# [Problem statement]
Beneath this instruction is a block of data; output from it exactly the lines that run from the one containing "Bộ 4 chăn ga và vỏ gối lụa Tencel Dreamcity" through the one containing "BL FRANCA 90", inclusive.

──────── Extracted material

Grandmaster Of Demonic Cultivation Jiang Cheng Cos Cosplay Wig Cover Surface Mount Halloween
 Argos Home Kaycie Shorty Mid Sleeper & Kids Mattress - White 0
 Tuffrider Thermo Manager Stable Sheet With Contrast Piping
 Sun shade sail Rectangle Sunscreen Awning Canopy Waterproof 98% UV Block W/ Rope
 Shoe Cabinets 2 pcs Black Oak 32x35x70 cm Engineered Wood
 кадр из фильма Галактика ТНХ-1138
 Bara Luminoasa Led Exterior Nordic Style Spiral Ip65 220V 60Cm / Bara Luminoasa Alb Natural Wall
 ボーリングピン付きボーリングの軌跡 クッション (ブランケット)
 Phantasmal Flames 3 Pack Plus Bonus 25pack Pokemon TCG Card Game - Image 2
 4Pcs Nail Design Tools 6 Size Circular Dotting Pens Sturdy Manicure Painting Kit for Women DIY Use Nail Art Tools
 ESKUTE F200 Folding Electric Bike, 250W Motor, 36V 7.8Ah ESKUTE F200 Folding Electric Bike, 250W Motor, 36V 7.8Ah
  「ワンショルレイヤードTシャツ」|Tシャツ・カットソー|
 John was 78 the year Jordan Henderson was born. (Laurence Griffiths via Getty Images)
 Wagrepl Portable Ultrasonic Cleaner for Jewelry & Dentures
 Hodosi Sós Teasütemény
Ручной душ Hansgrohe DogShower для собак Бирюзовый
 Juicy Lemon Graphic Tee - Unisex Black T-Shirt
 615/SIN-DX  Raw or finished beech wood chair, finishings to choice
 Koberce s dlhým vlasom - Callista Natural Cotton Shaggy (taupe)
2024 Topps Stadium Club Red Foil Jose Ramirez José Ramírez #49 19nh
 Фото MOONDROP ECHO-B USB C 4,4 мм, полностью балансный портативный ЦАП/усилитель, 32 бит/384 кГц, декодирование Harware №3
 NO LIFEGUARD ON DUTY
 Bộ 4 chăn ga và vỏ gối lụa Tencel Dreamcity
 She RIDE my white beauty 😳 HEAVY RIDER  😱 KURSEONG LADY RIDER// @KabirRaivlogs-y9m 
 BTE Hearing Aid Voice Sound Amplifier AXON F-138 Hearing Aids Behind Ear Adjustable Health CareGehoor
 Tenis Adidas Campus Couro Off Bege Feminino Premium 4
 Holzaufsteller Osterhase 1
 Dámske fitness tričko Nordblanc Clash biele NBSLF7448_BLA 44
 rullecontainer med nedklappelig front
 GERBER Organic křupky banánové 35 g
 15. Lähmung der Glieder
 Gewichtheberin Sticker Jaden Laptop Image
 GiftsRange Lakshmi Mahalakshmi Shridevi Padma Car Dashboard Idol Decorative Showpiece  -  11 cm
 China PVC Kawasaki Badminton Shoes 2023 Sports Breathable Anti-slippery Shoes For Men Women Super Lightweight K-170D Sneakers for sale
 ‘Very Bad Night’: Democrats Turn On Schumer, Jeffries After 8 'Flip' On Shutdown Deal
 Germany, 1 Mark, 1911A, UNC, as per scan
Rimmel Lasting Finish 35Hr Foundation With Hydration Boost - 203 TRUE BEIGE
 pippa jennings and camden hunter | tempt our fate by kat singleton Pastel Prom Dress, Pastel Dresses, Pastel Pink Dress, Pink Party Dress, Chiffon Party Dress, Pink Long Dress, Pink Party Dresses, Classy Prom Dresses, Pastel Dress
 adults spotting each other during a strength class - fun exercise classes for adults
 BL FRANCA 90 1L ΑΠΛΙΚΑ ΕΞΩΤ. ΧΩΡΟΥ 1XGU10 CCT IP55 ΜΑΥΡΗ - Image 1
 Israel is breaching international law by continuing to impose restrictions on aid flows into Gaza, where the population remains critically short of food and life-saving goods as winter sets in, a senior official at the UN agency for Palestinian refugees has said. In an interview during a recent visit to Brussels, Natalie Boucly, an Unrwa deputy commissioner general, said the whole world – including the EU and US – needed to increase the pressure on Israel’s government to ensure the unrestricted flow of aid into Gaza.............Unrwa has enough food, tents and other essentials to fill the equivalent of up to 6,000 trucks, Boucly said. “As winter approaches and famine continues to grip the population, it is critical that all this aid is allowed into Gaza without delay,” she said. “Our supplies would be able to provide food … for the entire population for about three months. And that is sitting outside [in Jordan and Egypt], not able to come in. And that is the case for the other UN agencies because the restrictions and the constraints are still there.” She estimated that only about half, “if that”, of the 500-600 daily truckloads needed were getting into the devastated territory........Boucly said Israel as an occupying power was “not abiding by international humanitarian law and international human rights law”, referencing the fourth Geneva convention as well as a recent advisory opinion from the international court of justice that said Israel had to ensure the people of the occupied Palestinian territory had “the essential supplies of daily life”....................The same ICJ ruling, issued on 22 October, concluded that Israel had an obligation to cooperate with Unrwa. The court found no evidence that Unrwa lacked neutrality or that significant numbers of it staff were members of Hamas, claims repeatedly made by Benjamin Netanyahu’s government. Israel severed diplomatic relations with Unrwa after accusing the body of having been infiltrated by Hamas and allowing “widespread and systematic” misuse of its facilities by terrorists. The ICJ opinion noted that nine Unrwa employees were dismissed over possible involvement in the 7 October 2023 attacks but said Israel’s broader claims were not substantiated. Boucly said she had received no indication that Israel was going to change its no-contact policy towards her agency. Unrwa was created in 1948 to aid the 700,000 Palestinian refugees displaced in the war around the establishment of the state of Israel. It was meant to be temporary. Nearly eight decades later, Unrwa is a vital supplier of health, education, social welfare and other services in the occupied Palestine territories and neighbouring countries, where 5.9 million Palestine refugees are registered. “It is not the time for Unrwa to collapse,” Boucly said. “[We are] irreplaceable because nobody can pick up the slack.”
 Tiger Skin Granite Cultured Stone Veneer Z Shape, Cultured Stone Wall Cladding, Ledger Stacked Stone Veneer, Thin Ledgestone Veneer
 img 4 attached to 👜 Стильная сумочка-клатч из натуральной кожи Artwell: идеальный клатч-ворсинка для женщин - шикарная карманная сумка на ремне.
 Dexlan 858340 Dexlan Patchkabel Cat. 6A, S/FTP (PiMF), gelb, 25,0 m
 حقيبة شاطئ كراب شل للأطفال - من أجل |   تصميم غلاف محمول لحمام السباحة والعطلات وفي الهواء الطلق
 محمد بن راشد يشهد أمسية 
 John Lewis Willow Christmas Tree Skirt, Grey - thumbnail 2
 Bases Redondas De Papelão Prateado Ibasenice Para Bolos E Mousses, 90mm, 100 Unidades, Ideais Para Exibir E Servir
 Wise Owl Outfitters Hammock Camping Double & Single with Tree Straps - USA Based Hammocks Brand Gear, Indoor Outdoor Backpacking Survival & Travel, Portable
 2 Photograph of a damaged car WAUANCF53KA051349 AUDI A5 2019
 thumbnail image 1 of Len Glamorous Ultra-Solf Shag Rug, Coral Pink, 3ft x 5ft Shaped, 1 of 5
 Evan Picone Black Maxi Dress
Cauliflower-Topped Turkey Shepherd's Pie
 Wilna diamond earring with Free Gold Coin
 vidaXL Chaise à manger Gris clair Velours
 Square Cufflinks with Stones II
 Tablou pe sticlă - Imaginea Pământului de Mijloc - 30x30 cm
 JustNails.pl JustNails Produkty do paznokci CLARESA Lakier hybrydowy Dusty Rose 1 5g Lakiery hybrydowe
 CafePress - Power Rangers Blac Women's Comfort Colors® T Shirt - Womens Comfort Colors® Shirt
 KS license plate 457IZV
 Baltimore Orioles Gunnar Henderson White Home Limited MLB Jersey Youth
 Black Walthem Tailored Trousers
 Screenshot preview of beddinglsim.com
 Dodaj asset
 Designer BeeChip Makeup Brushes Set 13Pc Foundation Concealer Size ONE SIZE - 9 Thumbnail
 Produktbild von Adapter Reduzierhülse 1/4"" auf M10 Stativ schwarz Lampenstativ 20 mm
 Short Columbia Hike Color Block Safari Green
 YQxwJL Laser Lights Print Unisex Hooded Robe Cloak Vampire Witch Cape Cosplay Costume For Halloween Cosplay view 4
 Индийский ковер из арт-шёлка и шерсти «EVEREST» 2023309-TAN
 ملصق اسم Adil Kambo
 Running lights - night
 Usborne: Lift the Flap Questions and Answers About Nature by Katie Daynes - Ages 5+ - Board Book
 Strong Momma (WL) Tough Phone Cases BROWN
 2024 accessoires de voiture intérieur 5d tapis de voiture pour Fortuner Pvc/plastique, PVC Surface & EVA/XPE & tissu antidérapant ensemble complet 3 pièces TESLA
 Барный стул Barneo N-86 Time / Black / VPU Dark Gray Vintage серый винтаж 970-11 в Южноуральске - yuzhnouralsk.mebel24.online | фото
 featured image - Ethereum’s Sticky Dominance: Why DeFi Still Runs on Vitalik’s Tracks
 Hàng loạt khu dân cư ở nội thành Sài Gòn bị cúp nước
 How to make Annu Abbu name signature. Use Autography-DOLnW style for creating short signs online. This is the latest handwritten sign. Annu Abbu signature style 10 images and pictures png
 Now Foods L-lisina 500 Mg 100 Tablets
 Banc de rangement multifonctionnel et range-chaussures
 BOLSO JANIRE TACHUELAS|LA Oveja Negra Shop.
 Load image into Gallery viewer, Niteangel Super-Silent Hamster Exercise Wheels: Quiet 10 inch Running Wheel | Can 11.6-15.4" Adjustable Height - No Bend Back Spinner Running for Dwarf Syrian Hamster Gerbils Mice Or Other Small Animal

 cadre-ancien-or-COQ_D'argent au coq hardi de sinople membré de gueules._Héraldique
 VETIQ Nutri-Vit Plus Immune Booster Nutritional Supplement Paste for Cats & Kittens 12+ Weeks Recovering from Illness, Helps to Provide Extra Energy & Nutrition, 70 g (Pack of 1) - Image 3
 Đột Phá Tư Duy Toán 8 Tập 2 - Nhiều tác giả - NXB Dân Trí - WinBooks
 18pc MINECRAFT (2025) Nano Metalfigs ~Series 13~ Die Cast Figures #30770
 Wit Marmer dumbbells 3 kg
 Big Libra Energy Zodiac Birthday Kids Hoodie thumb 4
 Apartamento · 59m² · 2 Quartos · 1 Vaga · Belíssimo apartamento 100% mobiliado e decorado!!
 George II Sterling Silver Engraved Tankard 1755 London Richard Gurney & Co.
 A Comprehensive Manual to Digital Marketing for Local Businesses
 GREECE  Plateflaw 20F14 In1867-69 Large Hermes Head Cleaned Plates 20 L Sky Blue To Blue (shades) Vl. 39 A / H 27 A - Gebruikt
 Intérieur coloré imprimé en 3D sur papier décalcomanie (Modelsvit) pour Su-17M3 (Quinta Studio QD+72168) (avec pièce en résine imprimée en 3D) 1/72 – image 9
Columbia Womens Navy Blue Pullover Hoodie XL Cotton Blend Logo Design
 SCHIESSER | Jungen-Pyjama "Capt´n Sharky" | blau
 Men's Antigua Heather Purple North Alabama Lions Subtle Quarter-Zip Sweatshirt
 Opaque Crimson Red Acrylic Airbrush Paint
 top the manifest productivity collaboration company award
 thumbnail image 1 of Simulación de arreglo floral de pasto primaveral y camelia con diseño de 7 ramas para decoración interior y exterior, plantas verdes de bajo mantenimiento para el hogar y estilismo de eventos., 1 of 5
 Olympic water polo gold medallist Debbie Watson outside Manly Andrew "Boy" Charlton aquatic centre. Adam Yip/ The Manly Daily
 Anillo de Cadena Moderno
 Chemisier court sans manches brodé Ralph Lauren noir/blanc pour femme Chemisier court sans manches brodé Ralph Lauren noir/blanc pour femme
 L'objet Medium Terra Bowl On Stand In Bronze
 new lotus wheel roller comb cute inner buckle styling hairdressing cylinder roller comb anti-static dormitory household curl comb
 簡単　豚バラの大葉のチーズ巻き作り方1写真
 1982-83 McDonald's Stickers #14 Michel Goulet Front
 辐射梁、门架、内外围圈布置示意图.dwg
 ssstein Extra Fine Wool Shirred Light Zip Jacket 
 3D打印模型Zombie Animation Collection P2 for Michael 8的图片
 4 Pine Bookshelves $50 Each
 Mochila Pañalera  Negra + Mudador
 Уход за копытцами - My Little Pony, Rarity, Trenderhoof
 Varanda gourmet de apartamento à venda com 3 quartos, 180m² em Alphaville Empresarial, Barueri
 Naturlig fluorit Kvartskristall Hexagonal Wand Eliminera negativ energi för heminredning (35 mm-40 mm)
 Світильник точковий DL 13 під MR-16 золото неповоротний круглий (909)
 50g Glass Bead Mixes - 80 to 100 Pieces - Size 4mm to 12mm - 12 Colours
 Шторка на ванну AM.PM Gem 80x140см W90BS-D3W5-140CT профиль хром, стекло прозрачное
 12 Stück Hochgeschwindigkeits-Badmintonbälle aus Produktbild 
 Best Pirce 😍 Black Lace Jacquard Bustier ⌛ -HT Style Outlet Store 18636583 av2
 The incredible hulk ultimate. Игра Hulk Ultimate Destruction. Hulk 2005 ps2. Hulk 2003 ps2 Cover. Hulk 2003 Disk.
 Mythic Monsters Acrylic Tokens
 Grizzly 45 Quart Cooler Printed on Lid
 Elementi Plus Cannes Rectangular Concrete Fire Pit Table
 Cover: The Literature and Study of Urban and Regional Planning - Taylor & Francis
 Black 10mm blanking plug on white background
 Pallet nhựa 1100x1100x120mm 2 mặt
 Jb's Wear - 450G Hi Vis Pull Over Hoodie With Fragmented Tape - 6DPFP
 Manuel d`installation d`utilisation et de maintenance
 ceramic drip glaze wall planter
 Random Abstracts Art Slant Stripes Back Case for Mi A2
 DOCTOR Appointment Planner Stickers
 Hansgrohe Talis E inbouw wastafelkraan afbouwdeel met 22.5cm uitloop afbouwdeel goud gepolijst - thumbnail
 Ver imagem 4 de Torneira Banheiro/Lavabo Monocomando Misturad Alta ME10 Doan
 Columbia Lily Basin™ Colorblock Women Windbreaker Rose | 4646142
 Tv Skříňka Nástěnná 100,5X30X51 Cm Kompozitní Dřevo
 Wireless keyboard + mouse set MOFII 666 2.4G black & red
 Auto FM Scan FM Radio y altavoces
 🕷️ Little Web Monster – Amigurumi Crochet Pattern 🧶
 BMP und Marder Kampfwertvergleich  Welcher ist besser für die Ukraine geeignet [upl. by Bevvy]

────────────────

# [Exercise answer]
 Bộ 4 chăn ga và vỏ gối lụa Tencel Dreamcity
 She RIDE my white beauty 😳 HEAVY RIDER  😱 KURSEONG LADY RIDER// @KabirRaivlogs-y9m 
 BTE Hearing Aid Voice Sound Amplifier AXON F-138 Hearing Aids Behind Ear Adjustable Health CareGehoor
 Tenis Adidas Campus Couro Off Bege Feminino Premium 4
 Holzaufsteller Osterhase 1
 Dámske fitness tričko Nordblanc Clash biele NBSLF7448_BLA 44
 rullecontainer med nedklappelig front
 GERBER Organic křupky banánové 35 g
 15. Lähmung der Glieder
 Gewichtheberin Sticker Jaden Laptop Image
 GiftsRange Lakshmi Mahalakshmi Shridevi Padma Car Dashboard Idol Decorative Showpiece  -  11 cm
 China PVC Kawasaki Badminton Shoes 2023 Sports Breathable Anti-slippery Shoes For Men Women Super Lightweight K-170D Sneakers for sale
 ‘Very Bad Night’: Democrats Turn On Schumer, Jeffries After 8 'Flip' On Shutdown Deal
 Germany, 1 Mark, 1911A, UNC, as per scan
Rimmel Lasting Finish 35Hr Foundation With Hydration Boost - 203 TRUE BEIGE
 pippa jennings and camden hunter | tempt our fate by kat singleton Pastel Prom Dress, Pastel Dresses, Pastel Pink Dress, Pink Party Dress, Chiffon Party Dress, Pink Long Dress, Pink Party Dresses, Classy Prom Dresses, Pastel Dress
 adults spotting each other during a strength class - fun exercise classes for adults
 BL FRANCA 90 1L ΑΠΛΙΚΑ ΕΞΩΤ. ΧΩΡΟΥ 1XGU10 CCT IP55 ΜΑΥΡΗ - Image 1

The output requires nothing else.